[Po4a-devel] XML <? blabla ?> constructs

Jordi Vilalta jvprat@wanadoo.es
Fri, 16 Jul 2004 23:15:35 +0200 (CEST)


Hi,

On Fri, 16 Jul 2004, Martin Quinson wrote:
> On Fri, Jul 16, 2004 at 10:21:46AM +0200, Jordi Vilalta wrote:
> > Hi,
> > 
> > On Fri, 16 Jul 2004, Martin Quinson wrote:
> > > I am near the point where I decide that nsgml creates more problem than it 
> > > solves. Making a ?ML parser in perl from the scratch shouldn't be that 
> > > difficult after all.
> > 
> > My current implementation of the XML parser is quite generic and 
> > customizable (I think). Maybe it could replace the current sgml one (when 
> > it gets mature).
> 
> It's maybe time that:
>  - you create a user on alioth, so that we can give you the cvs write access

Thanks for the offer :) I already have the "jvprat-guest" user.

>  - you show us the code of this xml module

I'll try to send something tomorrow. At this moment it's broken and does 
nothing.

> ?
> 
> > > The only reasons why I don't go further and reimplement my own parser is the 
> > > complexity of the code. As I said recently, I don't even remember the 
> > > differences between translate and indent (I guess that's a good argument to 
> > > reingeenering the code ;). And there is some weird parts to support sgml 
> > > specificities such as conditional compilation (ok, that would be also easier 
> > > without nsgml). There is the file inclusion mecanism, also (but it should be 
> > > generalized, and put in the core of po4a so that other module can use it).
> > 
> > I think that this issue about the file inclusion, and the file encodings 
> > are two of the main lacks of the po4a core. The rest are only format 
> > modules, and these can always be extended.
> 
> Yes, the more urgent is to move out the file inclusion mecanism to
> TransTractor.pm I may try to work on this next week, but I'm completely
> overhelmed currently. If you want to work on this, please mail the list
> before so that we make sure we don't dupplicate the effort, and please
> process.
> 
> The problem is that detecting a file inclusion in the source is format
> dependant. In sgml, that's done with entities while the macro so is used in
> groff.
> 
> A solution may be to do something like that at the begining of each module:
> 
> map { if (/^.so (.*)/) $doc->includefile($1) } $doc->{TT}{doc_in};
> 
> It is a very crude proof of concept, though. The right solution may even be
> completely different ;)

At the moment I prefer staying out of the core modules.

I'm still so new to perl, and I get stuck with sentences like the above 
one.
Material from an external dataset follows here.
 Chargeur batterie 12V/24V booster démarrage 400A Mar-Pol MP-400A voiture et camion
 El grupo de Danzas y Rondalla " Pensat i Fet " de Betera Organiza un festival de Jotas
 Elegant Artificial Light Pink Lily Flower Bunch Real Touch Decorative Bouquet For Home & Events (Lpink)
I've been thinking about the concept, and I think that there are 3 
interesting cases on file inclusion:
1) include the file at the beginning of the input stream 
2) include the file at the end of the input stream
3) get the file in a separate list, to be able to parse it alone

Cases 2 and 3 can be reduced to case 1 with a little work from the module 
developer, saving the names of the files to include in a list, and 
including them when he gets to the end of the main file.

This should be done as a single function call, for example:
  $self->include_file("file");

And it would include this file at the beginning of the input (case 1)
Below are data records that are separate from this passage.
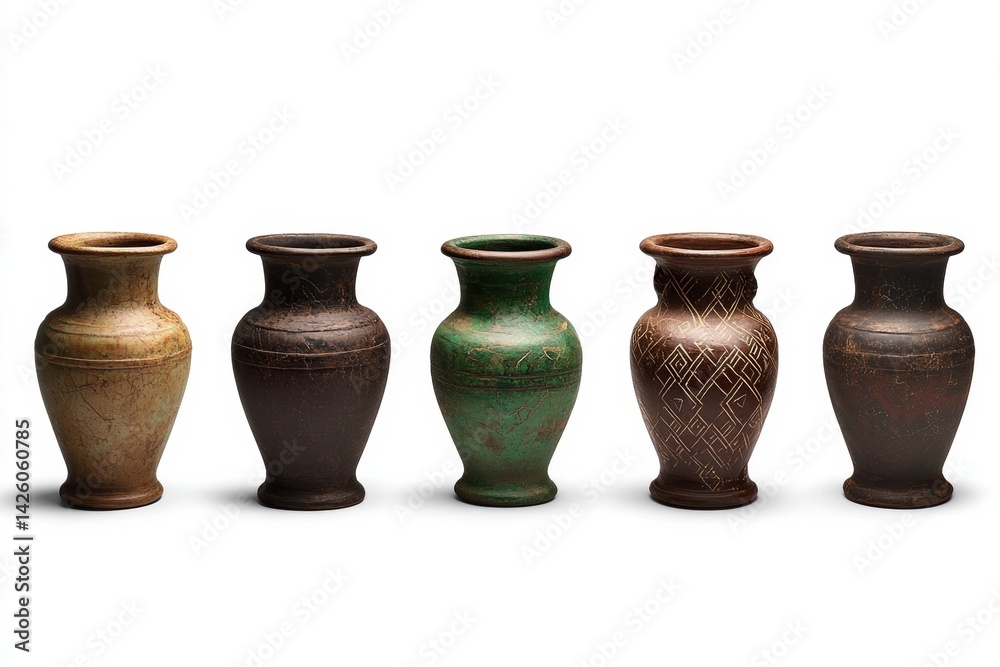 A set of ancient Greek vases with cracked glaze, isolated on a white background. A collection of antique terracotta pots decorated with cracks and worn paint. Vases, patterned, Greek, artistic, A set of ancient Greek vases with cracked glaze, isolated on a white background. A collection of antique terracotta pots decorated with cracks and worn paint. Vases, patterned, Greek, artistic,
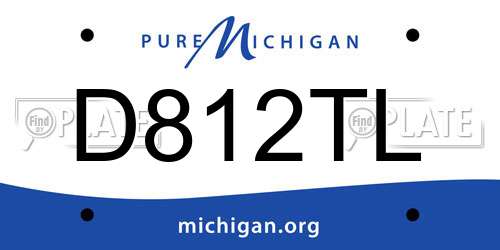 D812TL Michigan License Plate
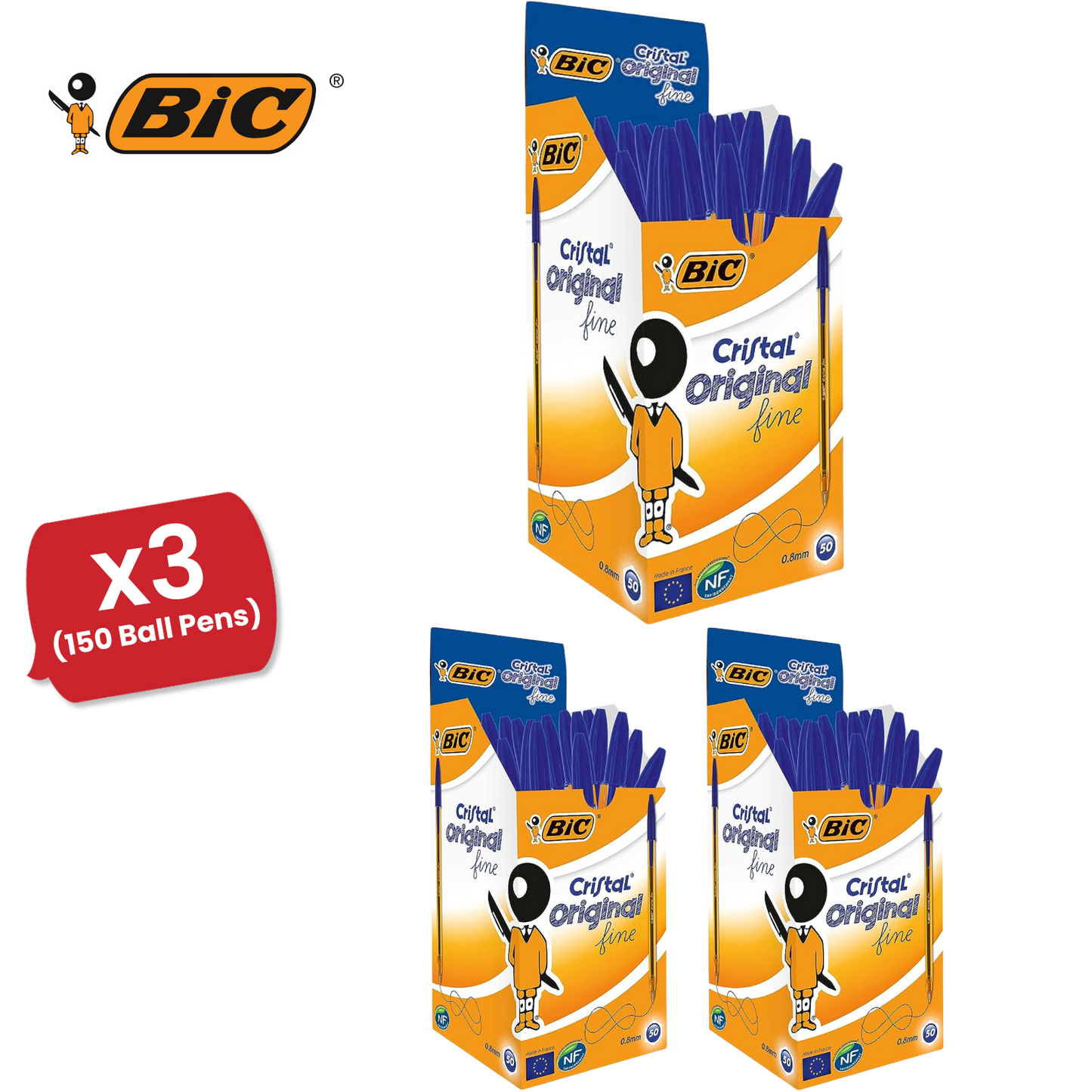 BIC CRISTAL FINE BALL POINT PEN BLUE - PACK OF 50 - 1 to 5 Packs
Well, I only see it from the document modules point of view (the one I 
know), but I think that case 1 should be easy to implement.

> 
> For the encoding issues, it's even worse. I don't have even the begining of
> an answer. We may have to wait until Denis comes back.

I have a vague idea about it. I'll think about it in the next days.

Regards,

Jordi Vilalta